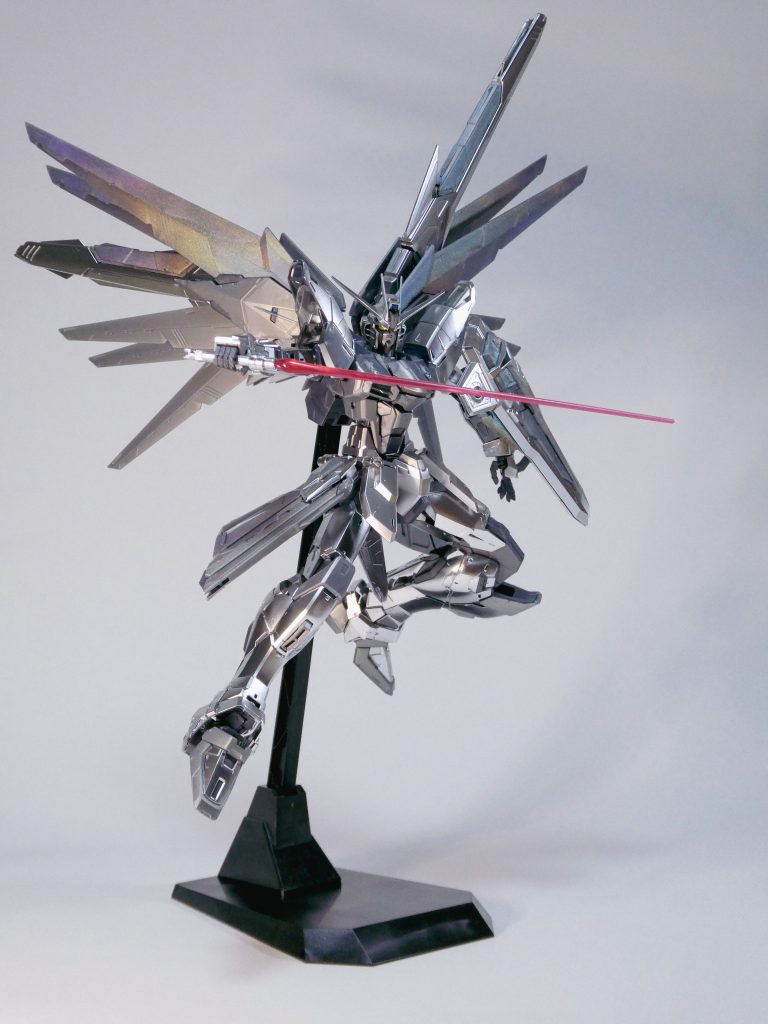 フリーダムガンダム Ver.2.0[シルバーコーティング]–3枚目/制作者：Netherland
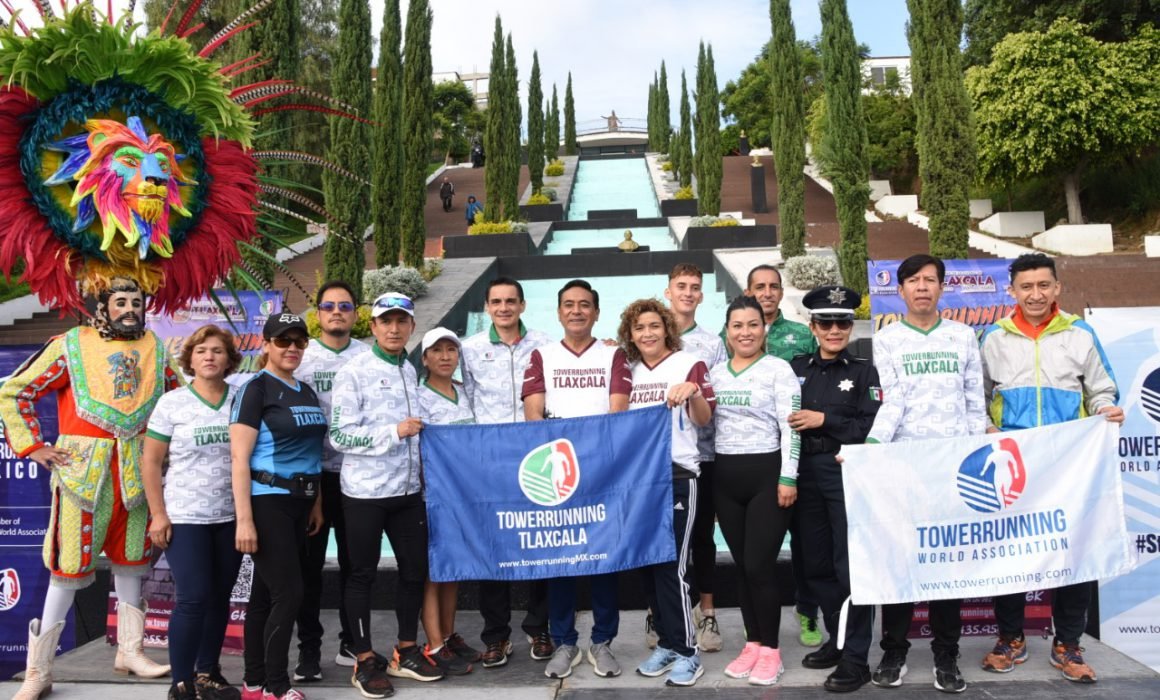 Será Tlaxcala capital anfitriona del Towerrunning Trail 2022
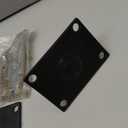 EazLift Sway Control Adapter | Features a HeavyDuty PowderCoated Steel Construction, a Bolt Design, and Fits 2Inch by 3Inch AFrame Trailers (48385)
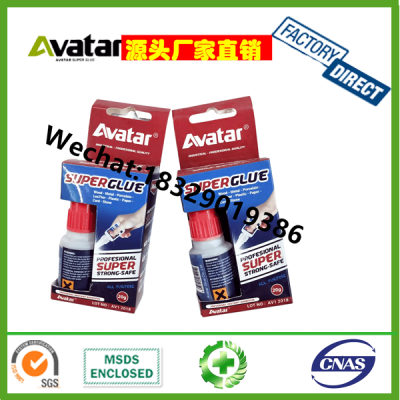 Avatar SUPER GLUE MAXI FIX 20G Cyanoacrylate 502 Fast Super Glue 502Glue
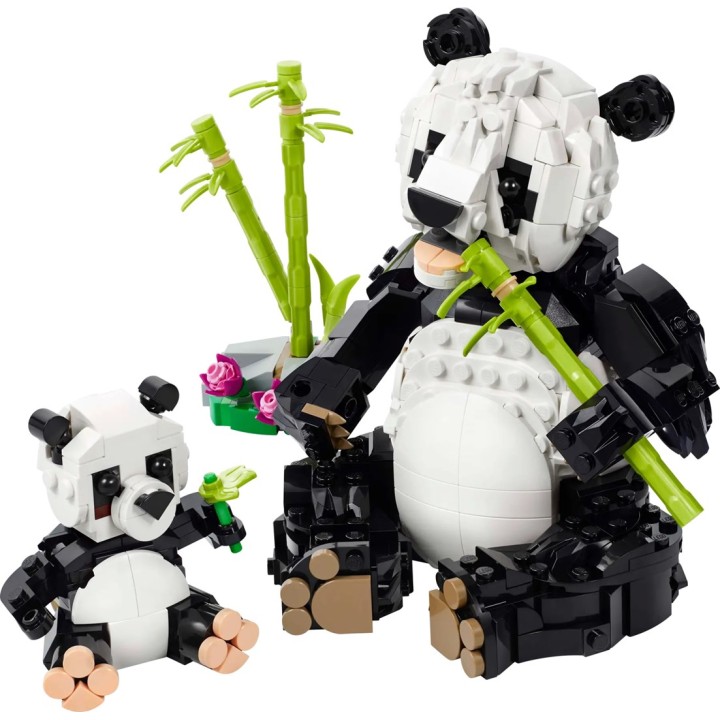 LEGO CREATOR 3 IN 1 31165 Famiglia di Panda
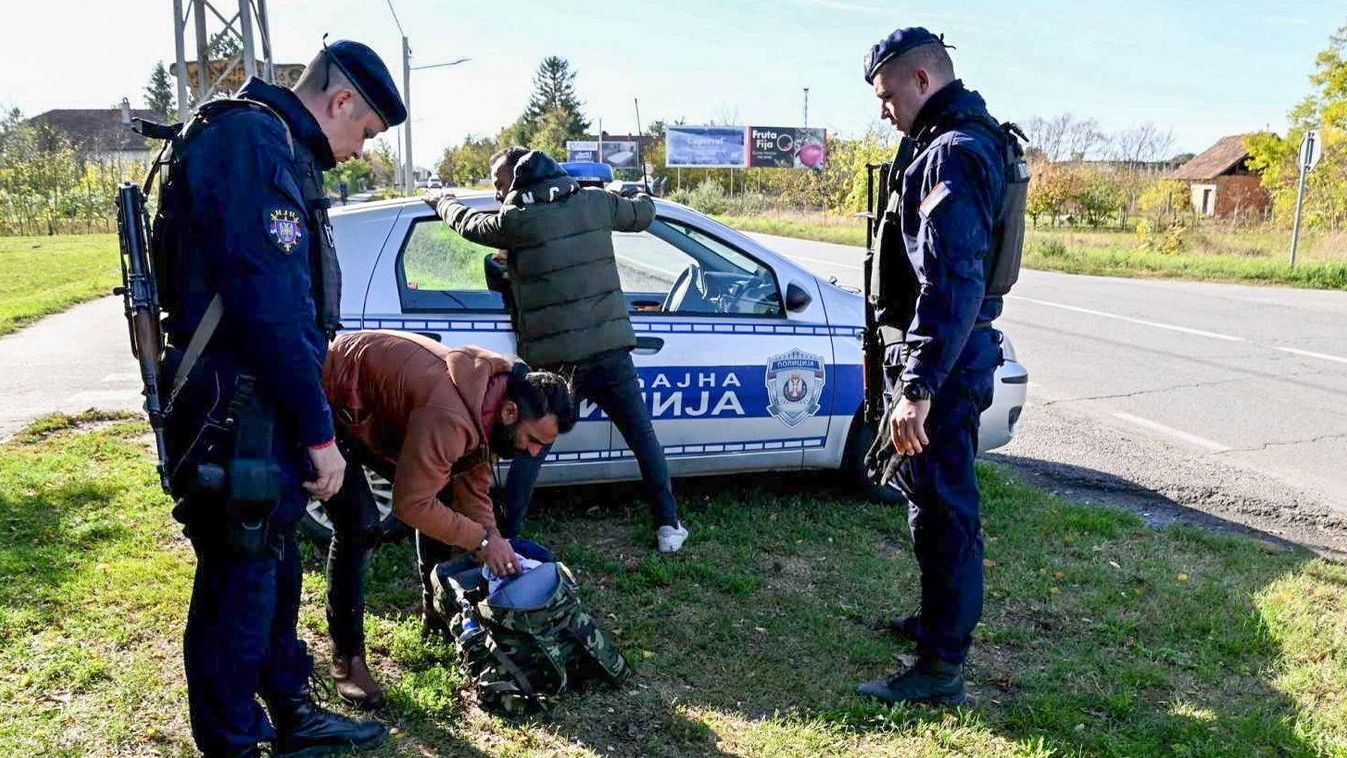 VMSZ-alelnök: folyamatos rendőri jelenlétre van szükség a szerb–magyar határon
________
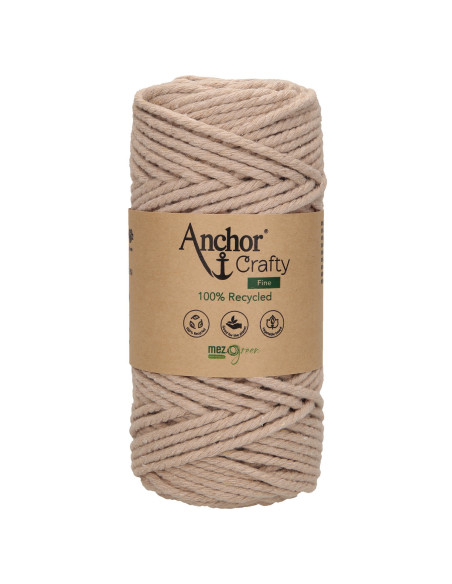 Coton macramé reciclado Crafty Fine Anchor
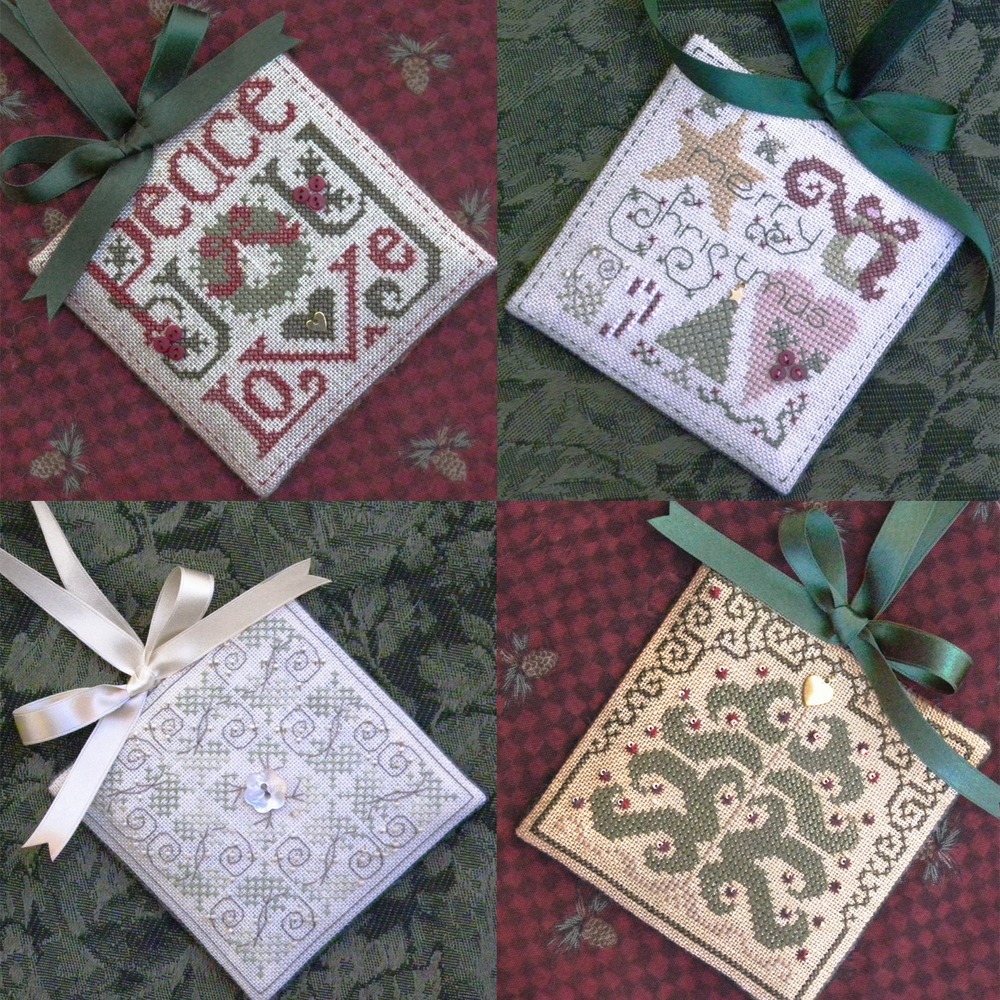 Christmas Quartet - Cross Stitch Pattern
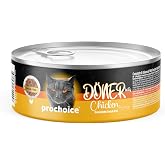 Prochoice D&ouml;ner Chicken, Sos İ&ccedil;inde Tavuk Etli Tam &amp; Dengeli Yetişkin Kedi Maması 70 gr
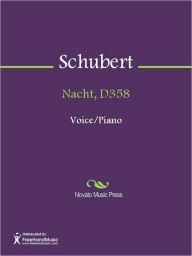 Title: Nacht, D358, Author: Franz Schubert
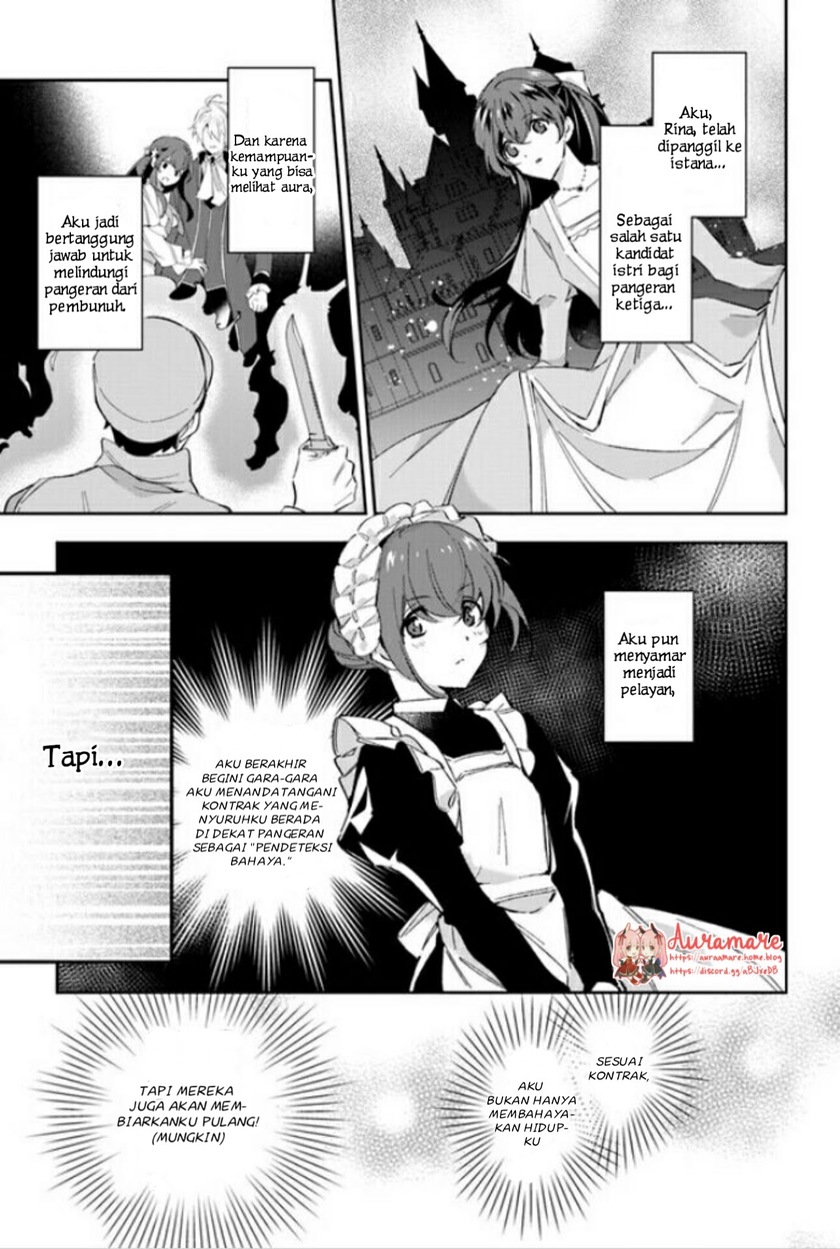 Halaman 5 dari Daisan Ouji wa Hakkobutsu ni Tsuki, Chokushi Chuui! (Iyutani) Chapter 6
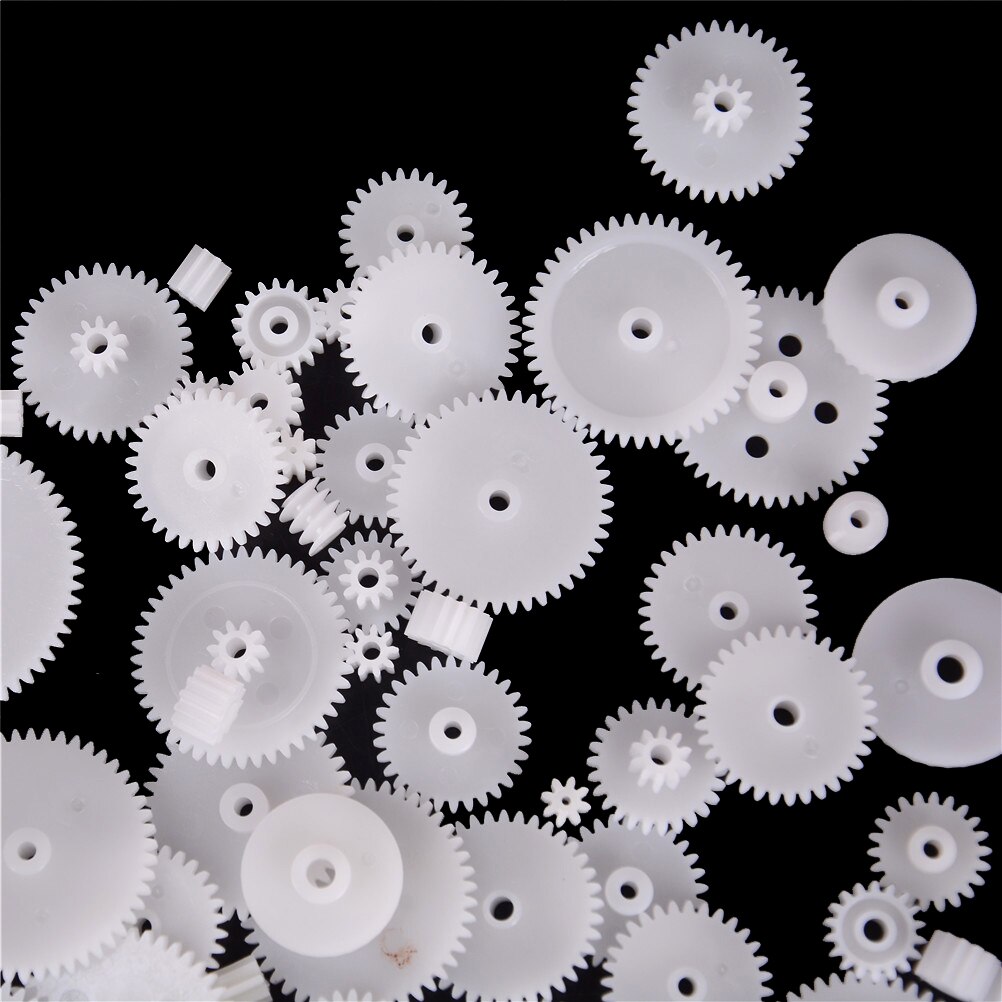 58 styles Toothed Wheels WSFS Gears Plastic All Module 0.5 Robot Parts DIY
________
* _PROBLEM STATEMENT_
Your answer should consist of the lines above between those holding "Christmas Quartet - Cross Stitch Pattern" and "58 styles Toothed", inclusive, reproduced word for word and without pictures.

* _EXPECTED ANSWER_
 Christmas Quartet - Cross Stitch Pattern
 Prochoice D&ouml;ner Chicken, Sos İ&ccedil;inde Tavuk Etli Tam &amp; Dengeli Yetişkin Kedi Maması 70 gr
 Title: Nacht, D358, Author: Franz Schubert
 Halaman 5 dari Daisan Ouji wa Hakkobutsu ni Tsuki, Chokushi Chuui! (Iyutani) Chapter 6
 58 styles Toothed Wheels WSFS Gears Plastic All Module 0.5 Robot Parts DIY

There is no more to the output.